No. 2:08 CV 153 PPS PRC.

United States District Court, N.D. Indiana, Hammond Division.

July 14, 2010.

*415Arthur Loevy, Jon Loevy, Michael Kanovitz, Samantha Liskow, Loevy & Loevy, Chicago, IL, for Plaintiffs.

John M. Kopack, Casey J. McCloskey, John M. Kopack & Associates, Merrillville, IN, for Defendants.

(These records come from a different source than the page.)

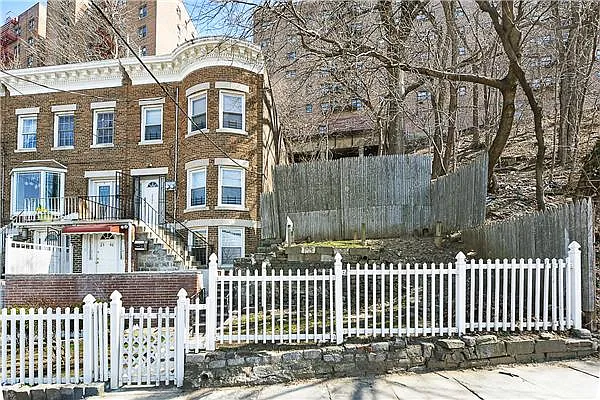Sold by Exclusive Properties Sotheby's International Realty | media 2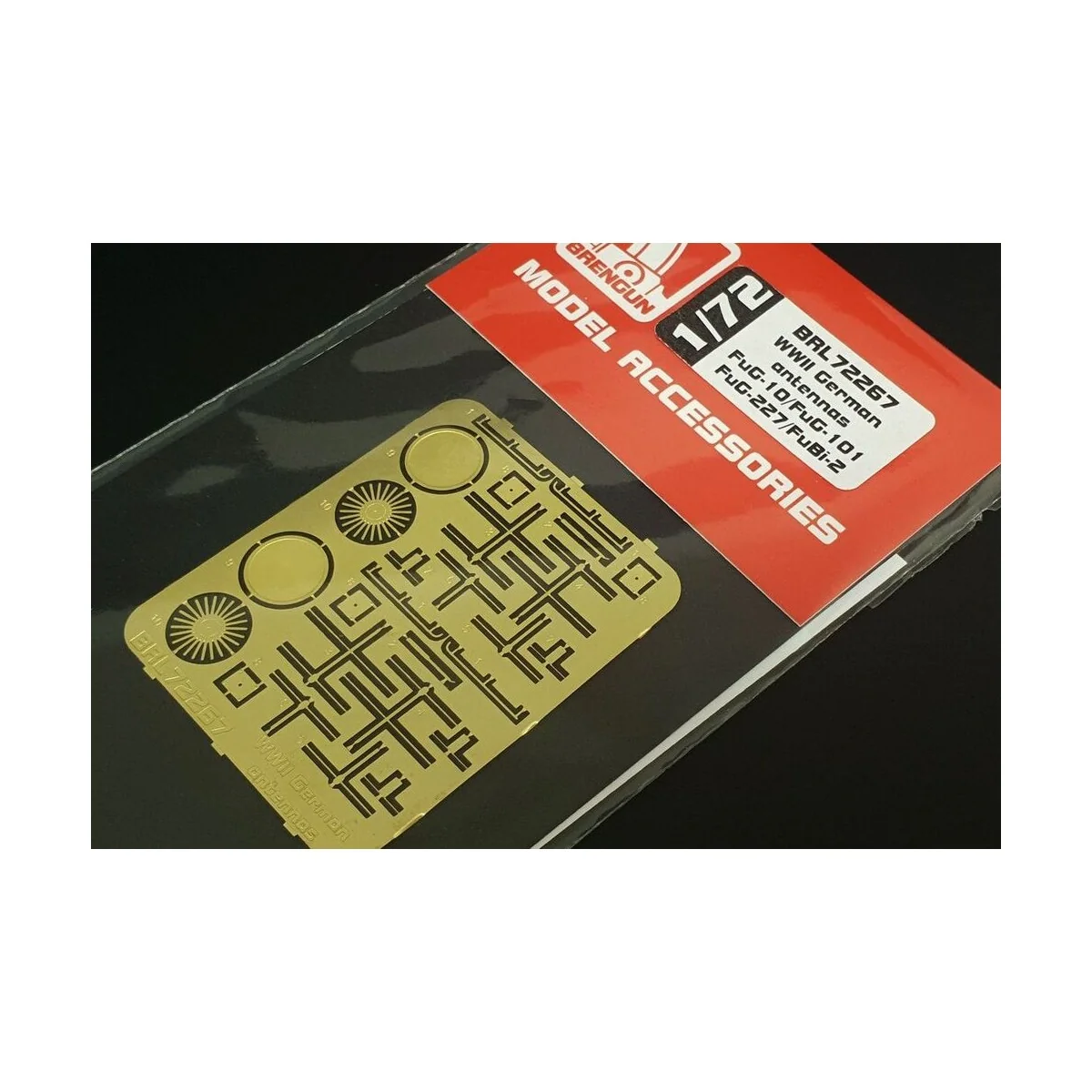 WWII German antennas FuG-10 FuG-101 FuG-227 FuBi-2 - Brengun BRL72267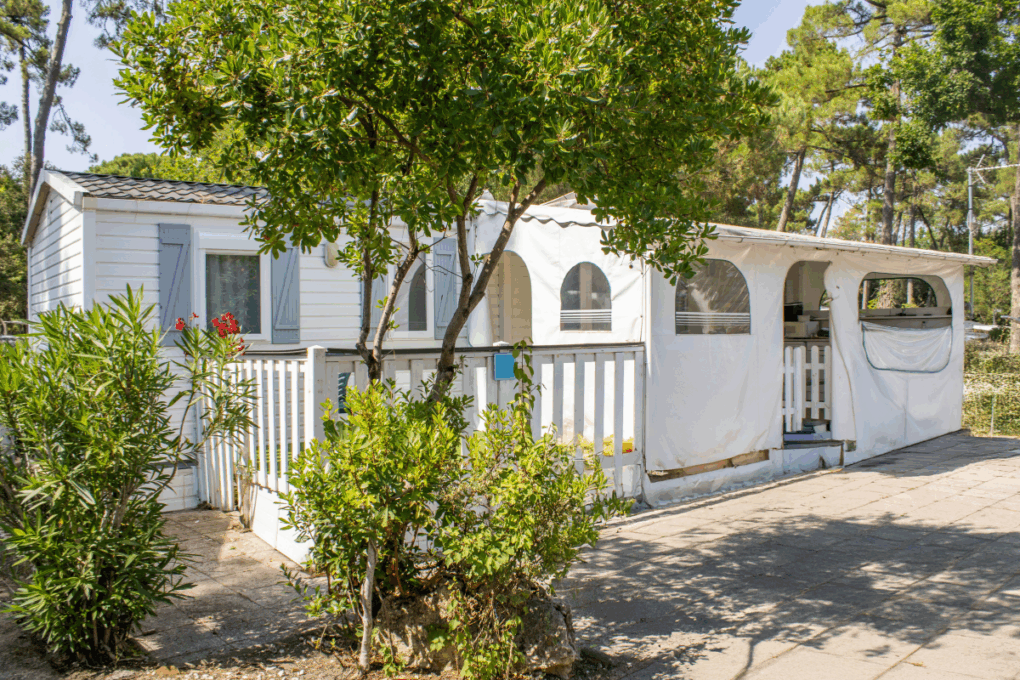 Mobile Home Rosée Pour 8 Personnes à Saint Georges De Didonne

PHILIP P. SIMON, Chief Judge.

Before the Court is Plaintiffs’ Motion for Class Certification. [DE 56.] Plaintiffs are a group of pretrial detainees who were detained in the holding cells of the Lake County .Jail in conditions that they claim were unconstitutional. They have sued the Lake County Sheriff, the warden and former warden of the Lake County Jail, along with the jail itself, claiming that the Sheriff and others were deliberately indifferent to the unconstitutional conditions of the holding cells. They seek to represent a class of individuals detained in the holding cells for more than 24 hours. Because the Plaintiffs have demonstrated that the proposed class meets the requirements of Federal Rule of Civil Procedure 23, their Motion for Class Certification 'is granted.


When pretrial detainees arrive at Lake County Jail they are booked into the Jail and then placed into one of seven holding cells. The purpose of the holding cells is to detain arrestees while the Jail determines where they will be permanently housed. Because the holding area is temporary, the cells are not equipped to house detainees on a long-term basis. They have concrete floors, concrete benches around the perimeter, and a single toilet. There are no beds or mattresses in the holding cells. The seven holding cells range in size from 15 by 15 to 20 by 30 feet but are otherwise the same.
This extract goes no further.